When I took a detailed look at the two binaries from the report, I found many similarities. Further (dynamic) testing confirmed that they belong to the same malware family. But how is it possible to hide inside an IncrediMail binary? Is it a file infector? Actually yes, in an interesting sort of way. The ImApp.exe binary in this case is not the original one. It is an obfuscated wrapper and the original binary is encapsulated in the layer of encryption somewhere in the program resources (along with a malicious payload). After running the binary, a top-level domain identifier is extracted from Google’s GeoIP and if it matches (.com, .uk, .ca, .au) then a service “C:\WINDOWS\system32\htttpapi.dll” is registered. It also schedules its updating routines through the at command. The service may carry information sent out from the infected computer to the attacker’s data collector as well as inviting further infection modules to the victim PC.

Btw: regular IncrediMail binaries are digitally signed, this one is not, which can help the user in deciding whether to trust it or not. I’m really happy that it is not a FP and that both samples are easily detected by SuspBehav (which is “hidden” behind Small-NSN and Malware-gen detections here, because less heuristic detections are listed first). Both samples belong to the same family, as mentioned above, but surprisingly – VT results for them are quite different:

first binary

second binary

So, SuspBehav-K (one of the set of SuspBehavs) helped me to group these samples together, even though they might look completely different according to the VT results. That’s nice :-) . Well done, SuspBehav. Well done, Michal.
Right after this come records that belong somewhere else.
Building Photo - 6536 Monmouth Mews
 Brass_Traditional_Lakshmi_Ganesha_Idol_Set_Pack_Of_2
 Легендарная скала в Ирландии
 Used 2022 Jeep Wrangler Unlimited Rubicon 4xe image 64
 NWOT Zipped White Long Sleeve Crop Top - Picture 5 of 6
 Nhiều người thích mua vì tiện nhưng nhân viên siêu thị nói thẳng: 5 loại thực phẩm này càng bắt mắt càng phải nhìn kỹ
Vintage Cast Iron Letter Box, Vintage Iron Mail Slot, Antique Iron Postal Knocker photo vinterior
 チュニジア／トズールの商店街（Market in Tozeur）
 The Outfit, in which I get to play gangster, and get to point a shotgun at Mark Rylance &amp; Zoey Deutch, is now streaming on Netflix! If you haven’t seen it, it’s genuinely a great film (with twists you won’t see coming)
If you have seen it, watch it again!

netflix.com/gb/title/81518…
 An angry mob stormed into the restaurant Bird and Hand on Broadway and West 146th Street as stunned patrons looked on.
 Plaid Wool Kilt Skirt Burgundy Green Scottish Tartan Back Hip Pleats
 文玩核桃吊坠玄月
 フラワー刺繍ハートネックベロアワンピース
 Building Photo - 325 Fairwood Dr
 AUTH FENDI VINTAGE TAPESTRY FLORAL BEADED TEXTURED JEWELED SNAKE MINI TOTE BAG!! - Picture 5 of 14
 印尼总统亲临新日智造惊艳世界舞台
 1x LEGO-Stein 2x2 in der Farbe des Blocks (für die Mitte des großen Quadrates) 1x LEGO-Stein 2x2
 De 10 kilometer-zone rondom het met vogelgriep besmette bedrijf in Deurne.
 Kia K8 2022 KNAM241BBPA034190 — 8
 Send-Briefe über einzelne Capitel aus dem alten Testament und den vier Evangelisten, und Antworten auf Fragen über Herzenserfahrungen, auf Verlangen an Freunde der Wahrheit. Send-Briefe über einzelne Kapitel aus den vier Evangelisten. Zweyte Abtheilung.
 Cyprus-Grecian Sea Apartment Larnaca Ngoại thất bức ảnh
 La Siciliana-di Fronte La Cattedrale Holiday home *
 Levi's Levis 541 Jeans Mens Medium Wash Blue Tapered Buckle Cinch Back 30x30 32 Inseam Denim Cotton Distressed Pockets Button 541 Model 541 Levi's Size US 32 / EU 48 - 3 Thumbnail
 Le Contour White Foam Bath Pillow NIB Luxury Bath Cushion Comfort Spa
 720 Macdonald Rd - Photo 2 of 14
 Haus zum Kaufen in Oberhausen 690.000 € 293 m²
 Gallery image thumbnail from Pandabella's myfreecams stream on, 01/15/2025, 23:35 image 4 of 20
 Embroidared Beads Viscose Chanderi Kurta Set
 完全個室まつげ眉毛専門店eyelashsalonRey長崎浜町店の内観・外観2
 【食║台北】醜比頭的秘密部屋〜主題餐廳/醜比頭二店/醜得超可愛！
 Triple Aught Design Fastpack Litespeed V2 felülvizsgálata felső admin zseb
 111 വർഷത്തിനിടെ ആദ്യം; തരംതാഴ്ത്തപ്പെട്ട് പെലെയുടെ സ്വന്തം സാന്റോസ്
And don’t forget to send some credit to Roman Brezovsky who helped me with the binary analysis (you know, I’m quite busy all the time, thus I really appreciated an opportunity to offload the analysis on to  someone else :-D ).

  1. Tom G.
    June 20th, 2011 at 02:37 | #1

    It looks like I will changing my son’s anti-virus from MSE to avast fairly soon. Seems like it is going downhill fast as far as detection rate goes. Keep up the good work!

  2. Tech
    June 21st, 2011 at 02:41 | #2

    Good work here. Congratulations!
    In the last VB results, you’ve got very good and close to Avira (well know by its proactive detection). Another step toward the excellence. Thank you.